About this episode
What would you do with $20 million?
That’s the minimum amount required to join Tiger 21, the exclusive network where ultra-high-net-worth entrepreneurs learn how to preserve and grow their wealth.
Michael Sonnenfeldt founded Tiger 21 after selling two companies and realizing that the skills that made him a successful entrepreneur didn’t translate into smart investing. He built the group to help other entrepreneurs avoid costly post-exit mistakes.
In this episode of Built to Sell Radio, you discover:
- The #1 investing mistake entrepreneurs make after selling.
- How the ultra-wealthy structure their portfolios to preserve capital.
- Why many ex-founders fail as angel investors.
- The right way to take investment risks without putting your fortune in jeopardy.
- Why “sticker shock” can catch founders off guard after a sale.
You don’t need $20 million to benefit from the strategies Sonnenfeldt has uncovered. Whether you’re planning an exit or just curious about how the ultra-wealthy manage their money, this episode will change the way you think about investing.
Show Notes & Links
Connect with Michael on LinkedIn
Definitions
Due-Diligence: This is a comprehensive appraisal of a business or investment undertaken before a merger, acquisition, or investment. It seeks to validate the information provided and uncover any potential risks or liabilities.

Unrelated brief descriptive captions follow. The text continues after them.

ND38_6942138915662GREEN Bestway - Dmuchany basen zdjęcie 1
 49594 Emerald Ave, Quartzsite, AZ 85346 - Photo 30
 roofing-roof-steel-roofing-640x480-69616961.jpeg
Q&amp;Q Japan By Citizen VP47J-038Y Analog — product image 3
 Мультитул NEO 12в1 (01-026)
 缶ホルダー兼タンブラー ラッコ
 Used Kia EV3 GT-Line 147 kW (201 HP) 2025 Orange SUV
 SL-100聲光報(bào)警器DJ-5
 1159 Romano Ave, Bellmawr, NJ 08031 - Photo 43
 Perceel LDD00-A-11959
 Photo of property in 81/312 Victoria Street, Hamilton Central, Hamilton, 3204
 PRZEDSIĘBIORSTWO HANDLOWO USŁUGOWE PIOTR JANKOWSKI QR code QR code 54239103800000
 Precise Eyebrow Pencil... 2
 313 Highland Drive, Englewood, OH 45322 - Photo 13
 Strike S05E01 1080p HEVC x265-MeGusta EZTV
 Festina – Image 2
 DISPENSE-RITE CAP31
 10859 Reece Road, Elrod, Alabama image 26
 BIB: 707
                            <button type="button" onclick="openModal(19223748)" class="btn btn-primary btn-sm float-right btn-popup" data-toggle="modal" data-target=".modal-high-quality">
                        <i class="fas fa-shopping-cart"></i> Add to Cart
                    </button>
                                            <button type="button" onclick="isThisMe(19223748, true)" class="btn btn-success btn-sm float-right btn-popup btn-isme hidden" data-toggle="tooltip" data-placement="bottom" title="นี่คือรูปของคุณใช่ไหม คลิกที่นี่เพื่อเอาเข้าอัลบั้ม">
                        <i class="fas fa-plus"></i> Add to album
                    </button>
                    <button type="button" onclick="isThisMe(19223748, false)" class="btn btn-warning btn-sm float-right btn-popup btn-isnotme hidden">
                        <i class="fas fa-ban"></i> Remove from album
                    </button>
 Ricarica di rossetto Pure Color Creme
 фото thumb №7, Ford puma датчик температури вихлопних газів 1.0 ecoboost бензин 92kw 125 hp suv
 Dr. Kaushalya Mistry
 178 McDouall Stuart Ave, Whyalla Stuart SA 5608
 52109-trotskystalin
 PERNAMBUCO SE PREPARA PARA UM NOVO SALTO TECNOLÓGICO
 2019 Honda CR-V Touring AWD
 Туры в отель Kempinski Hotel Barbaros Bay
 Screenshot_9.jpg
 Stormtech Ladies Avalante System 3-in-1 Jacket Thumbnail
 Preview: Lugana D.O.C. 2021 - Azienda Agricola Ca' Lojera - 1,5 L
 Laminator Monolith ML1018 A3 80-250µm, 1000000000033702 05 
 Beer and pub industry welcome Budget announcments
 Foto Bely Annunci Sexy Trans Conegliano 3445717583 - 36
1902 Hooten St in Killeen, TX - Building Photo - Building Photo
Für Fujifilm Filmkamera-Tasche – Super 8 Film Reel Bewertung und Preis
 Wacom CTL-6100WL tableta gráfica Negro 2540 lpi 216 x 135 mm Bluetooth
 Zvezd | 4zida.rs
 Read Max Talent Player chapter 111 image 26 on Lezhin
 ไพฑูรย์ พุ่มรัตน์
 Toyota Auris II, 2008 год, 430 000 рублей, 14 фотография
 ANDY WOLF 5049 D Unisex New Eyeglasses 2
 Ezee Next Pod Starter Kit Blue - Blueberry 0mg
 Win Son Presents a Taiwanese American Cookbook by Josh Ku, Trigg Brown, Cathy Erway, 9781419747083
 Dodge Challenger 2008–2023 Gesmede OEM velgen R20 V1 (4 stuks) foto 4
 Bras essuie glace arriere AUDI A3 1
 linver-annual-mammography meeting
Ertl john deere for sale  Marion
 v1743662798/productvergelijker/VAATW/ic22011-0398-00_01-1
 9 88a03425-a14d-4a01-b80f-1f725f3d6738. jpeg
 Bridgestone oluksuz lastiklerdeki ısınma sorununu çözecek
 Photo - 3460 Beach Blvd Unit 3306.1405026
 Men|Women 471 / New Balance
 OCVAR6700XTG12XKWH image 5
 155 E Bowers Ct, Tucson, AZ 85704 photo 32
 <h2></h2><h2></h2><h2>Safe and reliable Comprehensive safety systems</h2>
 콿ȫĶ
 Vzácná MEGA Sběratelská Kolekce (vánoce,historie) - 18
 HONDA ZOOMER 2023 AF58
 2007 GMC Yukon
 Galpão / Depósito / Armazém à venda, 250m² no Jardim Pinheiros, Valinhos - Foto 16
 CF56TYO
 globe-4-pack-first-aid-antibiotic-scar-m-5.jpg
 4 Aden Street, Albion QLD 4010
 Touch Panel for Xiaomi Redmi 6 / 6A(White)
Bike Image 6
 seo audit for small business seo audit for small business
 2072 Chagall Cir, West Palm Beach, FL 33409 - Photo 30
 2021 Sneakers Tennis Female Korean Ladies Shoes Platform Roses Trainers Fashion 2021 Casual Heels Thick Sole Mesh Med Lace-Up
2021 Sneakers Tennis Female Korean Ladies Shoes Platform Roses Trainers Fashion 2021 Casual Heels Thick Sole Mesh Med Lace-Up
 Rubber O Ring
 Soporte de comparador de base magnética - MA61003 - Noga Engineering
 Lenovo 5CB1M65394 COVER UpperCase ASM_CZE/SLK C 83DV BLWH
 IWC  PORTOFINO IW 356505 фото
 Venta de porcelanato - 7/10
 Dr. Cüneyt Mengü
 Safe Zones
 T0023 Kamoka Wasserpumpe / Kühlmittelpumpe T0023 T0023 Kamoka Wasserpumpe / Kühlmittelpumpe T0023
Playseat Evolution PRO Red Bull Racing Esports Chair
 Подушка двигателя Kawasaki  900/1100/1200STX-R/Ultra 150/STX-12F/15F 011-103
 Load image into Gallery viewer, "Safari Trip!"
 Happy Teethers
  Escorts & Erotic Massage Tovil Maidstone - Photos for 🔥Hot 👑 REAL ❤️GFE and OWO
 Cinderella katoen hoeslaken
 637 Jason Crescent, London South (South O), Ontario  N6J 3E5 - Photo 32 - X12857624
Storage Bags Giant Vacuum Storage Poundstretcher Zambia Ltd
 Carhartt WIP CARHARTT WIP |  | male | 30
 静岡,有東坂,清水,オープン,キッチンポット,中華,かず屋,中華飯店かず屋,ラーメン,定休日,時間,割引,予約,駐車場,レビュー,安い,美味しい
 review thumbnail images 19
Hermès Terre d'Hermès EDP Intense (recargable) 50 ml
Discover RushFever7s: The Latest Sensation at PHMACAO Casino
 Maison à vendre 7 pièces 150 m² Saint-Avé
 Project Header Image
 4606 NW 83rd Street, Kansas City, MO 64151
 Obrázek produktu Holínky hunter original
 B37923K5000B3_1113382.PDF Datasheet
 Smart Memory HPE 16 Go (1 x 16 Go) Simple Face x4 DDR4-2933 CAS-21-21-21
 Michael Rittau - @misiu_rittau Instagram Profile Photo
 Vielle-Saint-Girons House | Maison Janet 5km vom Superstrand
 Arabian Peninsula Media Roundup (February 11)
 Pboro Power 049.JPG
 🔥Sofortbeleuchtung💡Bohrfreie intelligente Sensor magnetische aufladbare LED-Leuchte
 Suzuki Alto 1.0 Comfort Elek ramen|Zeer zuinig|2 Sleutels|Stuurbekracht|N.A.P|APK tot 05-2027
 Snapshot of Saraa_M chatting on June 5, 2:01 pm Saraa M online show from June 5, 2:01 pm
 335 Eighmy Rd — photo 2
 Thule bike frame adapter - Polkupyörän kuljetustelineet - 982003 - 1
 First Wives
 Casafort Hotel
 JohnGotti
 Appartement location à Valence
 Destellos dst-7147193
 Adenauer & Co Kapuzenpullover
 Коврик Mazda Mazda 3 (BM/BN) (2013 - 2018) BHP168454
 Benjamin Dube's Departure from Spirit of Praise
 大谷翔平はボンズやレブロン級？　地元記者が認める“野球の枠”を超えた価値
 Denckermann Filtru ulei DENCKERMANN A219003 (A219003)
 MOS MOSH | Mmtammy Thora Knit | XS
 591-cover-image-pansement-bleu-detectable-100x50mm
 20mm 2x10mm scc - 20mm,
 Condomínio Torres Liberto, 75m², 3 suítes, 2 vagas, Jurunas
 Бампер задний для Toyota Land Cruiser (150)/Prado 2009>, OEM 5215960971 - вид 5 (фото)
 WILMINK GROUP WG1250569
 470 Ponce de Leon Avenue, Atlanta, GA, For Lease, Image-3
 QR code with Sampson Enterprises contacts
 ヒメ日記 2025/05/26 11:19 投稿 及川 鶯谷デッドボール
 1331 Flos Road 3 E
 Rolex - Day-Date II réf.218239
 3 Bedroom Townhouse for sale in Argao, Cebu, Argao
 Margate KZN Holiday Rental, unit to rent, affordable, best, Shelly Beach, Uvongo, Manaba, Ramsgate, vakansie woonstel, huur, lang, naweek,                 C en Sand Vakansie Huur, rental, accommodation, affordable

Earn-out: This is a financing arrangement for the purchase of a business, where the seller must meet certain performance goals before receiving the full purchase price. It reduces the buyer’s risk and aligns the interests of both parties post-acquisition.
Roll Over Investor: A rollover investor, in the context of selling a business, refers to an individual or entity that rolls some of their proceeds from the sale with the buyer. This strategy allows the seller to defer capital gains taxes and potentially leverage their expertise or resources in a new venture.
About Our Guest
Michael Sonnenfeldt
Michael W. Sonnenfeldt is a seasoned entrepreneur, investor, and philanthropist. In the 1980s, he led the transformation of the Harborside Financial Center in Jersey City, New Jersey, which was then the world’s largest commercial renovation project. He later founded Emmes & Company, a real estate investment boutique that grew to control assets exceeding $1 billion. Currently, Sonnenfeldt serves as Chairman of MUUS & Company LLC, a private investment firm focusing on alternative energy and technology ventures.
In 1999, Sonnenfeldt founded TIGER 21, the premier peer-to-peer learning network for high-net-worth individuals, fostering investment acumen and personal development among its members. Beyond his business ventures, he is actively involved in philanthropic efforts, particularly in environmental sustainability and climate change initiatives. In May 2022, he and his wife, Katja Goldman, donated $20 million to establish the Goldman Sonnenfeldt School of Sustainability and Climate Change at Ben-Gurion University of the Negev.